Print the lines in the listing below that fall between the line with "хром 386500576 Смеситель" and the line with "Honey Can Do", those two lines included, exactly as they stand and with nothing else.

__Given records__.
=-=-=
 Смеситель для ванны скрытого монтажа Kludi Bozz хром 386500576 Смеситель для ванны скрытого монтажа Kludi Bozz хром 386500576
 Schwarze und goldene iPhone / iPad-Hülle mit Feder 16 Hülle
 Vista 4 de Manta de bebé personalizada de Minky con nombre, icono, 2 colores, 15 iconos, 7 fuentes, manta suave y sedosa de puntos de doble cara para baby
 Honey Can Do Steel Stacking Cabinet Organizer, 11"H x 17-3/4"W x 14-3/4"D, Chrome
=-=-=
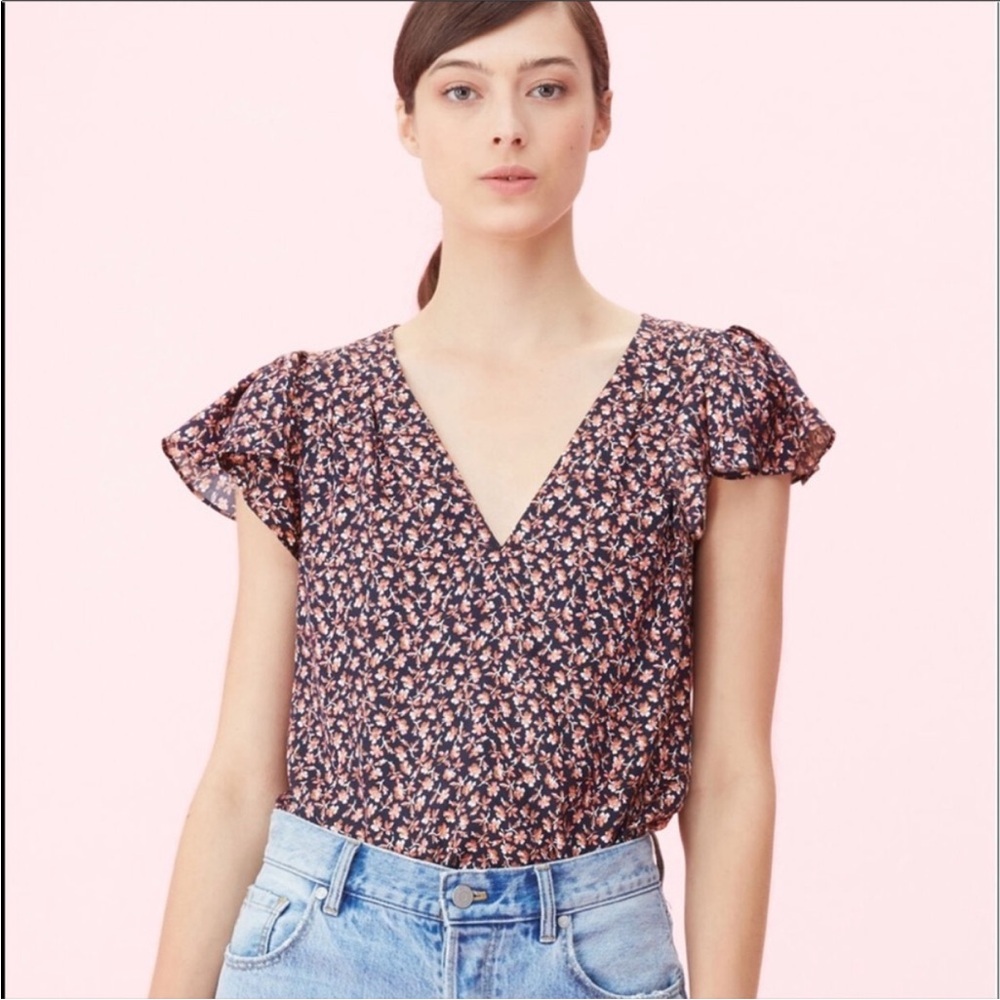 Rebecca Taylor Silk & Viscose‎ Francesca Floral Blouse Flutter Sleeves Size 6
=-=-=
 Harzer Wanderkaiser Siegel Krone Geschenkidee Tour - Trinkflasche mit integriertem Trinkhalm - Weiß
=-=-=
__Solution to the problem__.
 Смеситель для ванны скрытого монтажа Kludi Bozz хром 386500576 Смеситель для ванны скрытого монтажа Kludi Bozz хром 386500576
 Schwarze und goldene iPhone / iPad-Hülle mit Feder 16 Hülle
 Vista 4 de Manta de bebé personalizada de Minky con nombre, icono, 2 colores, 15 iconos, 7 fuentes, manta suave y sedosa de puntos de doble cara para baby
 Honey Can Do Steel Stacking Cabinet Organizer, 11"H x 17-3/4"W x 14-3/4"D, Chrome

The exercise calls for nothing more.